Buying Shoes Via Text Messaging: Retail Channel Shifting
A couple months ago, I was in New York along with several members of the Collective Bias team for a Bloomingdale‘s social media business pitch. As part of our preparations, we spent a couple hours at the location on 59th street, not far from the corporate headquarters. The store is amazing and features many mini-shops from Tory Burch to Prada and everything in between.
While perusing the men’s clothing lines, I came across a small Billy Reid placement, one of my absolute favorite brands. The classically southern line created by Mr. Reid features timeless looks bringing to mind those worn by New Orleans or Charleston businessmen or as Wikipedia describes “lo-fi southern-bred luxury.” As I was browsing, a Bloomingdale’s associate named Nick Bograd introduced himself. A seasoned professional, Mr. Bograd walked me through the line and before I knew it I had a couple new suits, including a sleek new summer suit.
Several of the items needed alterations so I returned after our meeting to have them fitted. Mr. Bograd arranged a tailor to stop by and let me know they would be ready in a few days. Since I was scheduled to be back in the city in a couple weeks, I asked if the items could just be held to save shipping costs (I’m cheap). Within a couple hours, I received an email from Mr. Bograd thanking me for my business. I had a superior purchase experience but pretty standard expectations for a retailer of Bloomingdale’s class.
A few weeks later, I received a text from Nick letting me know about a great sale and he mentioned some shoes I had considered. I was impressed! Since I had visited the store, I had received several emails about sales and offers which I deleted as I do most email traffic. I would most likely have unsubscribed at some point, I just hadn’t done it at this point. The personal text was interesting, however. I texted back and asked if he could snap a couple pictures to make sure we found the right pair and if there were any other interesting styles he recommended.

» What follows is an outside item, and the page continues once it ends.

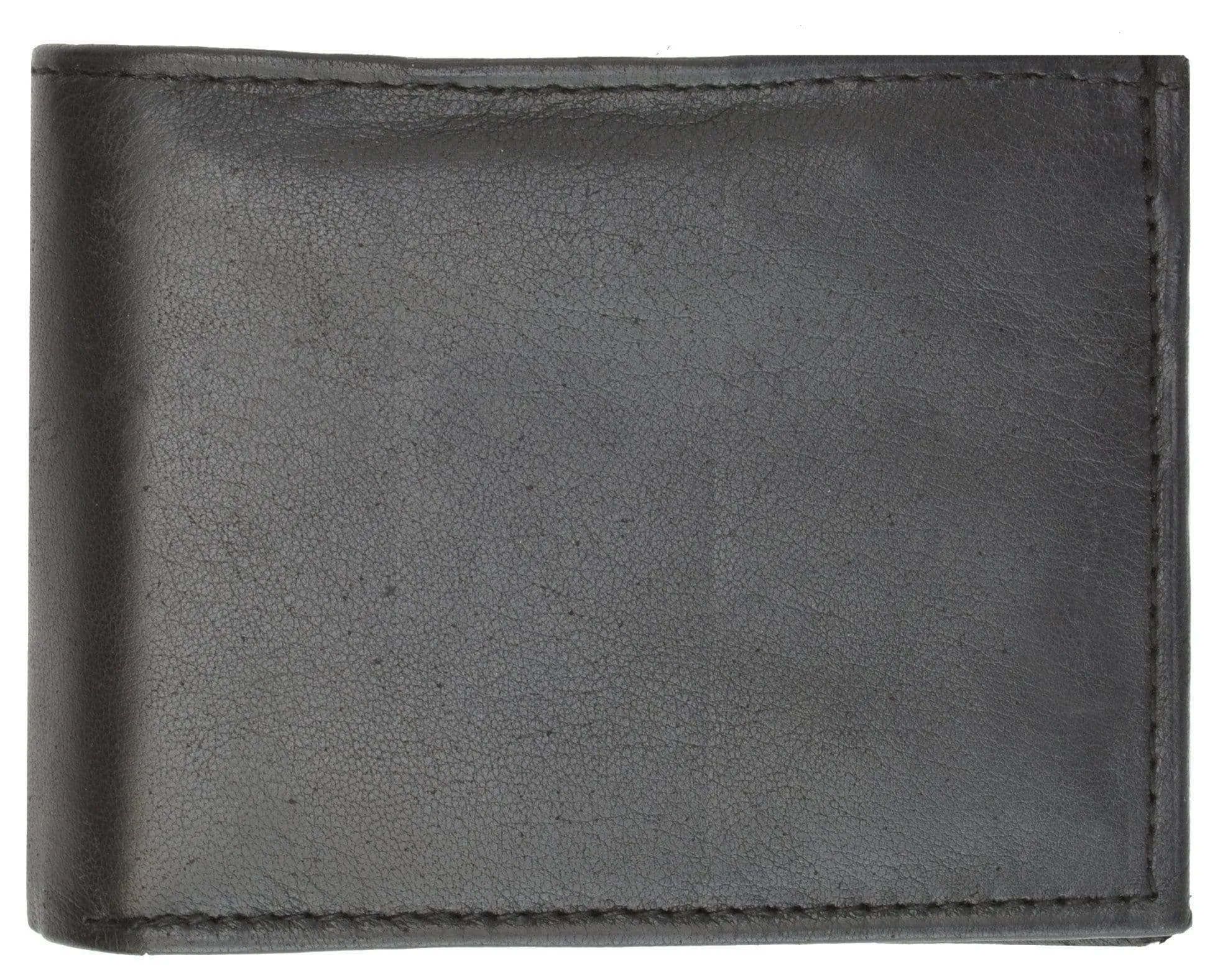 Lamb Leather Flap Up ID Card Holder W/Zippered Compartment Bifold Wallet 3053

Over the next couple days, we exchanged multiple texts and finally decided on a couple pairs that worked. Again, Mr. Bograd was able to simply hold the shoes until I could pick them up on a business trip. This entire exchange has caused me to think much more about fragmenting channels.
A few weeks earlier I had managed some car services via text with Denny from Jackie Cooper, since the service technician couldn’t get responses via email and voice message. Marketers must begin to consider how customers want to engage with brands they love. I can assure you, it’s not from a incessant stream of deals and offers.
In my own communications, I am now denoting client communication preferences. Those who will never answer an email, will return a text or a Twitter DM in a second. How can I become a better communicator and make their interactions with me better, easier and more personal? I think this fragmentation will accelerate.
I still prefer a phone call, or even better, breaking bread. Let’s grab a beer soon Nick.